BB: In Bocca al Lupo/In the Mouth of the Wolf (1991) is one of your most ambitious works – a gesamtkunstwerk opera in the Wagnerian sense and one that I was privileged to experience in Halifax when it was first performed at Mount Saint Vincent University gallery. This work engaged multiple allegorical themes relating to the silencing of women by abuse, religion and academic institutions. You directed a six-person choir, two soloists, three musicians, and six dancers. How did you begin to structure this complex work?

RM: The research for the work led me to Catherine Clements’ book Opera, or The undoing of women (1988). I had been interested in bringing my music and art practice together in a more balanced form. The opera form contains a dramatic, poetic abstraction that allowed me to address my interest in relationships between women, anger and the physical and pathological manifestations of anger in the body. I was interested in how women deal with anger and how it develops. I was asked by Mary Sparling at Mount Saint Vincent University Gallery to propose an exhibition. I always look at the specifics of the site when trying to focus my research. Both the religious and academic structures represented by the University led me towards an articulation of the complex chorus of voices and gestures of women’s anger. I was interested in letting it all be heard simultaneously despite the chaotic and overwhelming nature of the result.
I always find myself using metaphor as a way to organise and structure the physical components of an installation/performance. As I read, wrote and talked to women, I began to formulate specific thematic groupings that I then located at various points in the body. I felt that I could create a large figurative structure and allow each of the nine chosen points in the body represent different types of anger. Each area of the body would express its anger as a song in the opera. I worked with Kathleen Yearwood to construct a 90-minute, nine track recorded audio work that acted as an orchestra. Once that was completed I then composed the live voices and instrumental partss.

BB: As a performance member sitting precariously on massive piles of books and journals at the edge of the structure I felt somewhat vulnerable in this space. You’ve stated that your desire with the piece was to address fear, examine it and let it speak. Do you think that fear can be addressed successfully in performance art? How gendered was this work? As a male was I supposed to be excluded from several registers of meaning within the work? Why did books and learning become one of your themes?
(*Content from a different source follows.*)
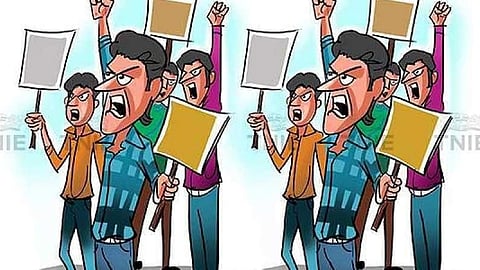 Although the personnel tried to pacify the protesters, the latter did not disperse, causing traffic bottleneck.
RM: The books allowed me to bring the outside world of experiences into the gallery. The various titles referred to sites or situations where anger could have been generated. There was a humour to the juxtapositions of titles as in “This farm is a mess” beside “Your prostate,” etc. I realised that it could be uncomfortable sitting on the piles of books but I had hoped that if the body is restless or a bit uncomfortable then perhaps it is engaged in a more unexpected way. I have always hoped that if the audience of my work were in any way uncomfortable they would choose to leave. I assume that they will do what they need to do even if it affects the performance. I rely on that as it affords me a relationship with the viewer that is reciprocal.
The work was very gendered in the writing but I imagined the audience as witnesses to the simultaneous and at times chaotic voicing of multiple angers. I had anticipated that any gendered subject would be equally important as a witness. In almost all of my performance works I strive for a fluidity and complexity of the image of a gendered body and the interesting variations represented by the performers themselves.